*The problem*. From the records below, print exactly the lines starting at the one containing "camping-municipal-les-gerbes-la-roche-chalais-a0uet" and ending at the one containing "INDIAN VILLAGE - Residential", ends included, and nothing else.

*Information provided*.
>>>

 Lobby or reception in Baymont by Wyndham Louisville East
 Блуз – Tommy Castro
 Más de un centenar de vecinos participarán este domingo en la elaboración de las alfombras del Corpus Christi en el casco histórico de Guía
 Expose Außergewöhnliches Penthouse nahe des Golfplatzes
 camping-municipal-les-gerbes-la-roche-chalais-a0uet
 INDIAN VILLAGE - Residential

<<<
>>>

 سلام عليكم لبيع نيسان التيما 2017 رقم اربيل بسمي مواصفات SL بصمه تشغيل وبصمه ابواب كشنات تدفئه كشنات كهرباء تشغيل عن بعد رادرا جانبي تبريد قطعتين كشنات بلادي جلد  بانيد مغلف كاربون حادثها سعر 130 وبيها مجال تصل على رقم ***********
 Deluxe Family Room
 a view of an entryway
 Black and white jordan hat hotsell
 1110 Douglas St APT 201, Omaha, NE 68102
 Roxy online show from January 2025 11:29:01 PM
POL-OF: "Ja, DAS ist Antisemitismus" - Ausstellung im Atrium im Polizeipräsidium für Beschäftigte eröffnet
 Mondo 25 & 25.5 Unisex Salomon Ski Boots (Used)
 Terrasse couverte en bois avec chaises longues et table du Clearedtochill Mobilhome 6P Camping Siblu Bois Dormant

<<<

*Task result*.
 camping-municipal-les-gerbes-la-roche-chalais-a0uet
 INDIAN VILLAGE - Residential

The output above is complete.